In February, our solution was to meet in the middle, in Johor. I braved the Customs crowds, and him the hours-long bus ride.

At the beginning, it was a joke to us. The star-crossed lovers separated by a body of water, like in the Chinese fable Cowherd And Weaver Girl, but who reunite at the Causeway, instead of on a celestial bridge of magpies.

At the time, I still groaned to friends that I would be spending another boring weekend in Johor Baru.

But as cases grew worldwide, so did our hesitation in meeting. We scheduled one last meet-up in the middle of last month and agreed to put off meeting for the next few weeks. It was, after all, the responsible thing to do.

The Monday after that bittersweet farewell, Malaysia announced its two-week lockdown, barring citizens from travelling abroad.

The Internet was helter-skelter with misinformation and outrage, and in that moment, I was grateful to have been mentally prepared for time apart on my own terms.

 
 
 
 

To cope with the distance, we get creative online.
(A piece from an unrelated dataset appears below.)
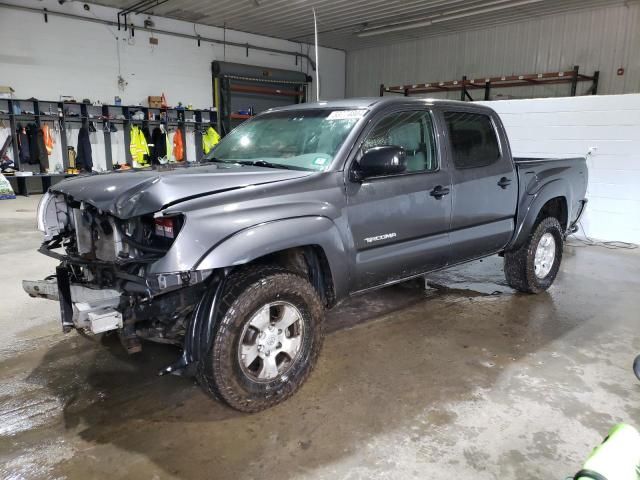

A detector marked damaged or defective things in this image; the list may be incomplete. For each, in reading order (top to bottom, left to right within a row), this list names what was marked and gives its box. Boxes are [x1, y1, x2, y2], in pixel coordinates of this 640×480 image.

WhatsApp calls are now video chats with the webcam left on, so we have company while working from home. We join dubious Internet game rooms and play strategy games with strangers.

On the suggestion of a friend, I downloaded Netflix Party - a third-party Google Chrome extension that lets you and your friends sync shows on Netflix, so you never miss a second together. We blew through the documentary series Don't F**k With Cats in joint speechlessness.
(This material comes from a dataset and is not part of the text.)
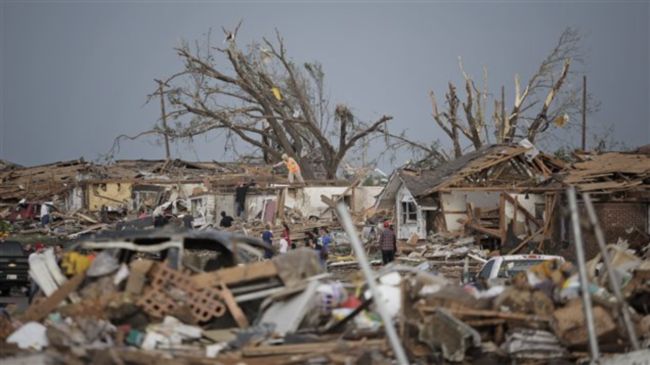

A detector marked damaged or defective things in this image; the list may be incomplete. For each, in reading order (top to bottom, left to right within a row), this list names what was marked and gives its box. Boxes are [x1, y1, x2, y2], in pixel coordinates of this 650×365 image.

damaged house [374, 142, 560, 247]
broken window [400, 200, 416, 223]
splintered lumber [190, 260, 276, 288]
splintered lumber [242, 338, 384, 356]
Now, with Malaysia's lockdown measures extended and Singapore implementing its own travel restrictions, at times, the waiting feels endless.

But it is not just couples who feel the brunt of the global lockdowns. I think of relationships around the world suffering the same pains, with entire families forcibly separated.
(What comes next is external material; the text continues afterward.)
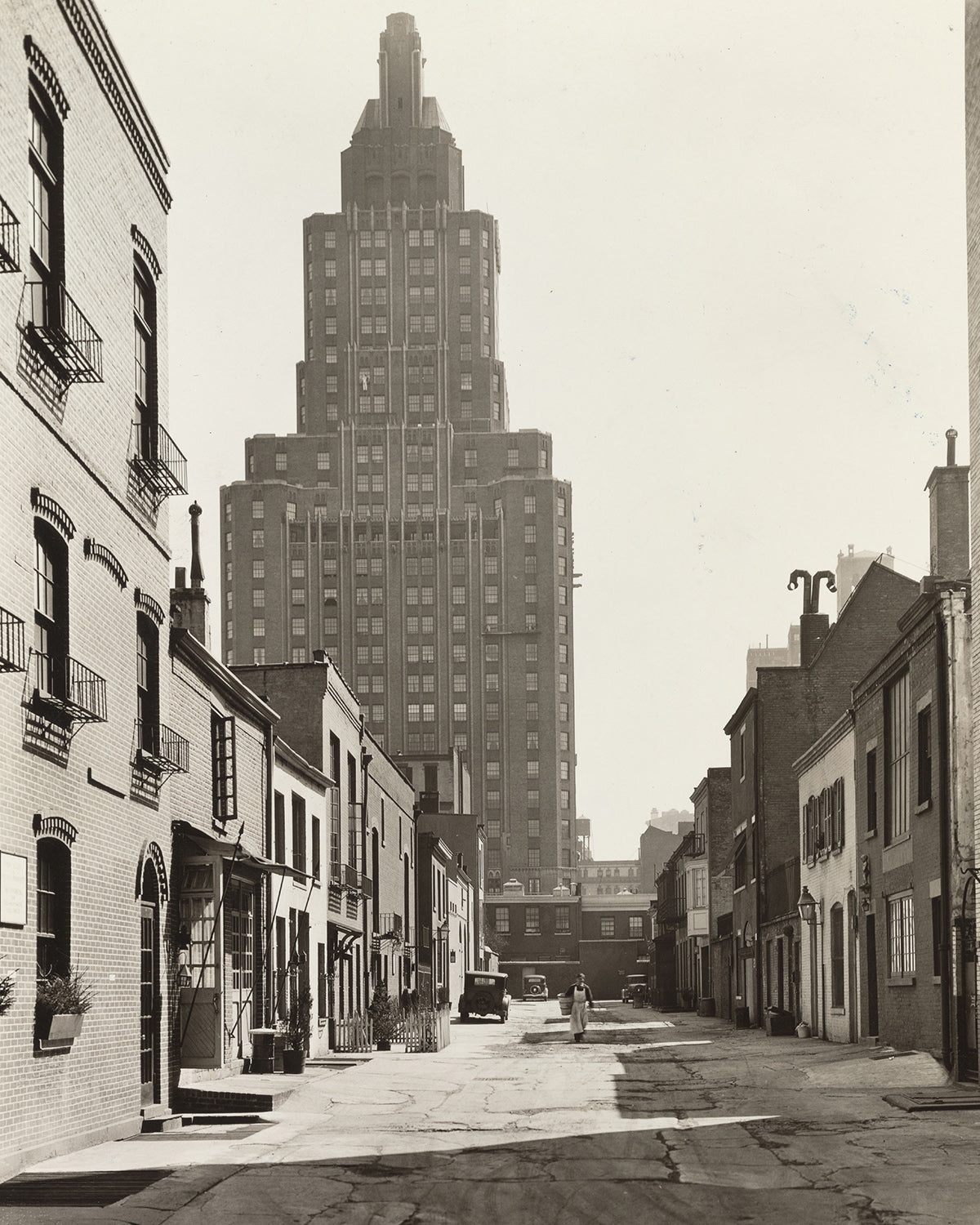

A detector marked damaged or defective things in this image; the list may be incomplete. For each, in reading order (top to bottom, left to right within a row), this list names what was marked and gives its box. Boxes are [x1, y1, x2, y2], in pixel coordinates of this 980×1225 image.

cracked pavement [3, 1004, 975, 1225]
The nature of love has changed. No longer is it measured in time spent together. Now, an act of love is keeping away from our loved ones abroad. We stay in to keep not just ourselves safe, but also our families - and fellow countrymen.

With no seeming end to this LDR in sight, novel apps and video calling are my best friends.

I have even been coerced into downloading a fitness app with workout tutorials so we can stay active together, in place of our usual walks in the park.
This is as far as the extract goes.